Last year’s United Way board president Shane Ellison presented a yearly review. He began with the organization’s financial report. United Way received over $1.3 million dollars from over 6,000 contributors. The money supported 28 programs and services that United Way funds.
Ellison thanked the United Way board, campaign cabinet and loaned executives. Lee Cox was honored as the 2017 loaned executive of the year.
Ellison went on to highlight some of the services provided by United Way agencies last year. Success by 6 provided 1,500 books a month to local children. The 211 First Call for Help program took 14,000 calls and provided 26,000 resources.
Jackie Edmondson, the current United Way board president, recognized company and individual contributors.
Edmundson presented Alabama Teacher’s Credit Union and Quality of Life Health Services with Rising Star Awards. Both companies’ employees increased the amount they contributed over the last year.
Edmundson awarded the Excellence in Service Award to Regions Bank for its contributions and sponsorship of several United Way agancies.
Past President Ellison was recognized and presented with the President’s Gavel.
Past Young Leaders Society (YLS) President Heather New presented the Young Philanthropist of the Year Award to Mary Wood. Wood has served on committtees for YLS, United Way, The Chamber and Main Street Alabama. She will serve as a coordinator when YLS re-launches HYPE: How Young Professionals Engage later this year.
Tom McKenzie presented the Tom McKenzie Community Impact Award to Downtown Gadsden, Inc. Director Kay Moore, a longtime contributor and volunteer with United Way.
“She’s been giving to United Way for 47 years,” said United Way Director Joanne Hightower. “The Community Impact Award is all about longevity.”
After the awards were presented, Hightower thanked everyone present for supporting United Way.
“You’ve heard stories today about volunteers and board members and committees and companies that have made an impact,” said Hightower. “This is the group that is fighting for the health, financial stability, education and providing a safety net for this community. You are the ones that do that. When we fight our most challengingdisasters or circumstances, you all are in the front lines of that. We win in this community because you choose to get involved and you get your hands dirty and you bring awareness and find solutions.”
Ruth Moffat, the 211 director, was introduced to highlight an issue in the community: homelessness.
Moffat began by discussing the role of nonprofits in the community.
“That’s what nonprofits do,” said Moffat. “We roll up our sleeves, we divide and conquer and we get the work done. When all the nonprofits are working as they should and coming together and filling those gaps then the community is covered.”
Moffat discussedthe reasons behind why people become homeless. Death, unemployment, mental illness, drug abuse, violence and natural disasters can upset the stability of a person’s life.

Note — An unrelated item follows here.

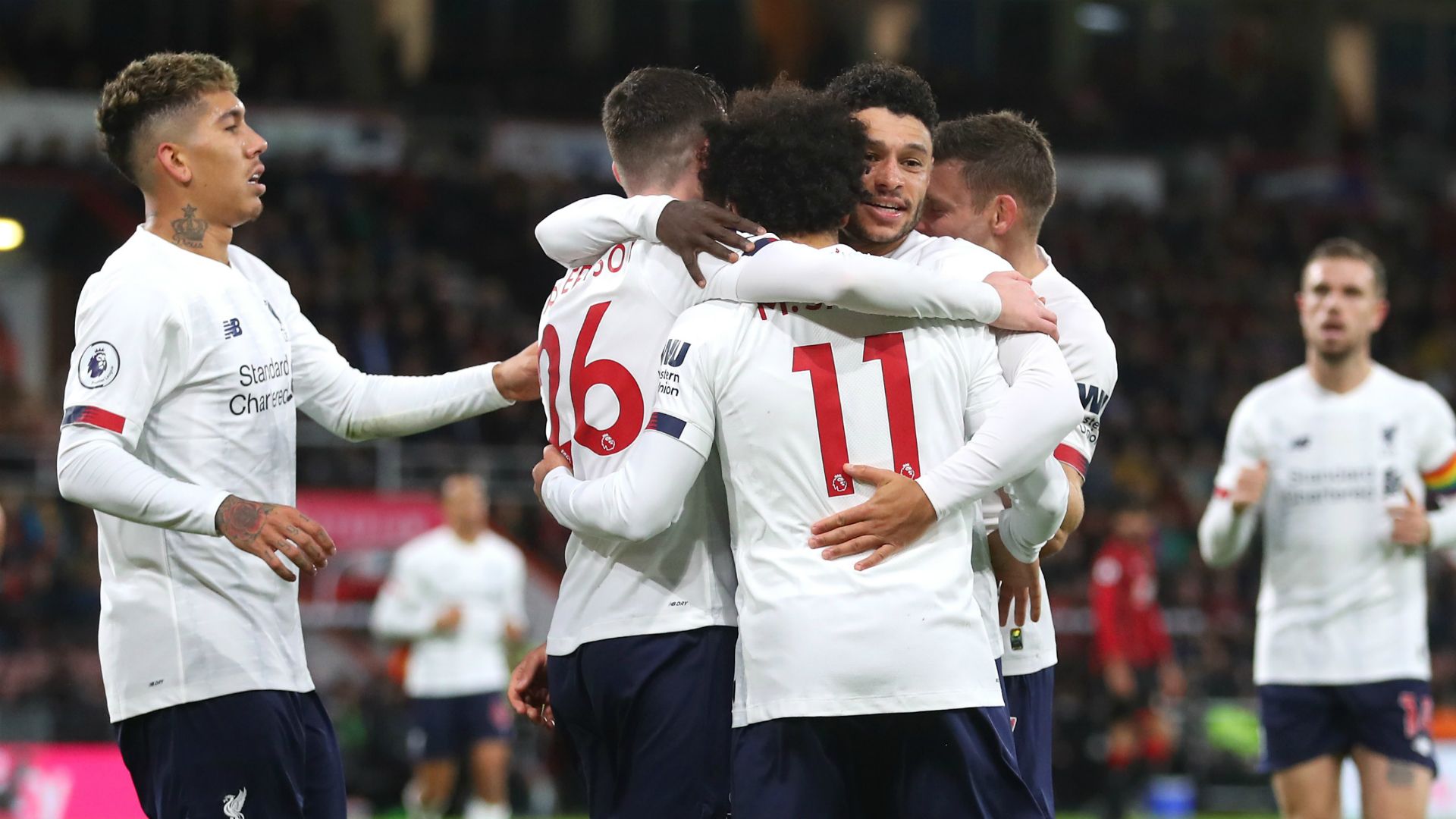 利物浦艰难取胜重回英超榜首,英超夺冠悬念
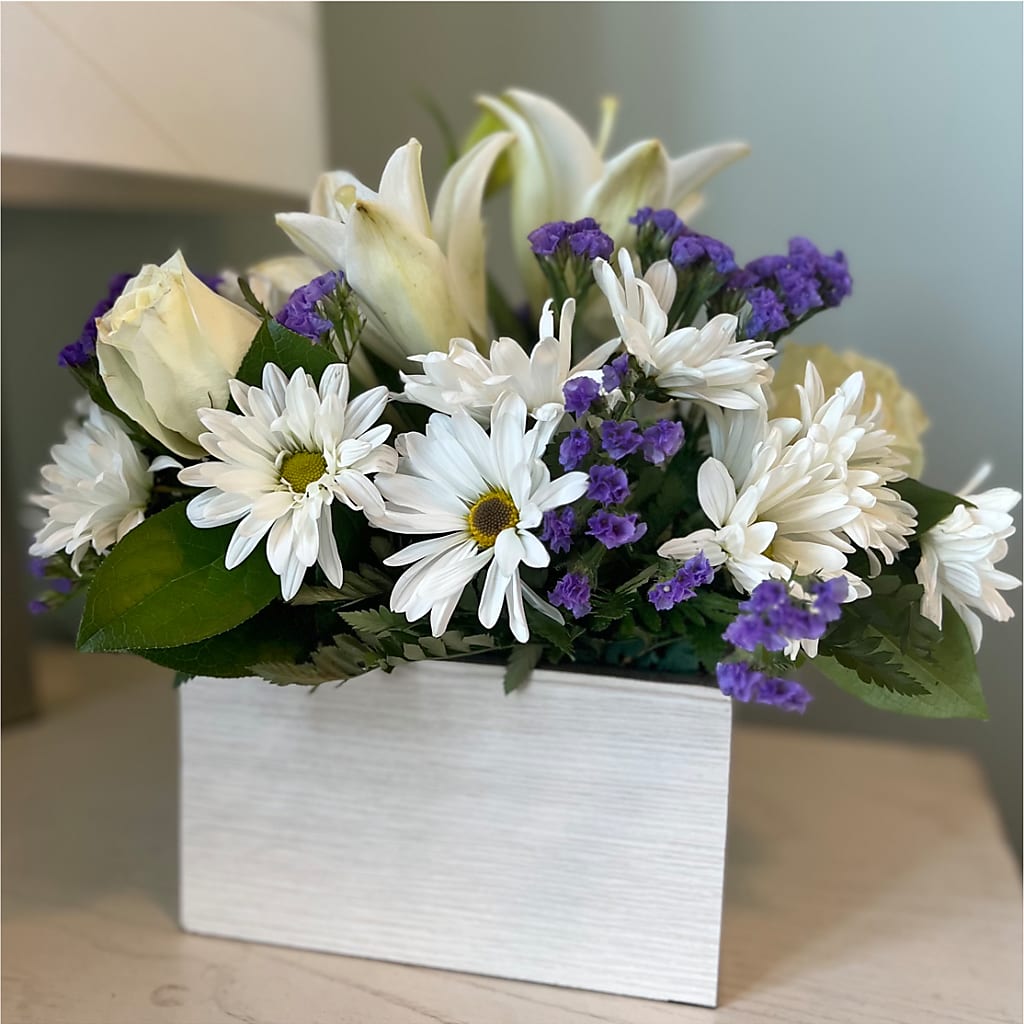 Beyond Blue Box Bouquet – Bloom Balloon Llc, Newark DE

Moffat shared statistics of homelessness in Northeast Alabama. On any given night, 119 people are homeless. Last year, local United Way agencies assisted the local homeless community. The Salvation Army provided 32,000 nights of shelter in Etowah County. Thirteeth Place housed and cared for 51 teens. The American Red Cross provided emergency assistance to 208 families after house fires. The organization 2nd Chance Inc. served 122 clients with 3,378 nights of shelter.
To close out the annual meeting, attendees were put to work assembling care kits with hygeine neccessities that will be dispersed to local agencies to give to those in need.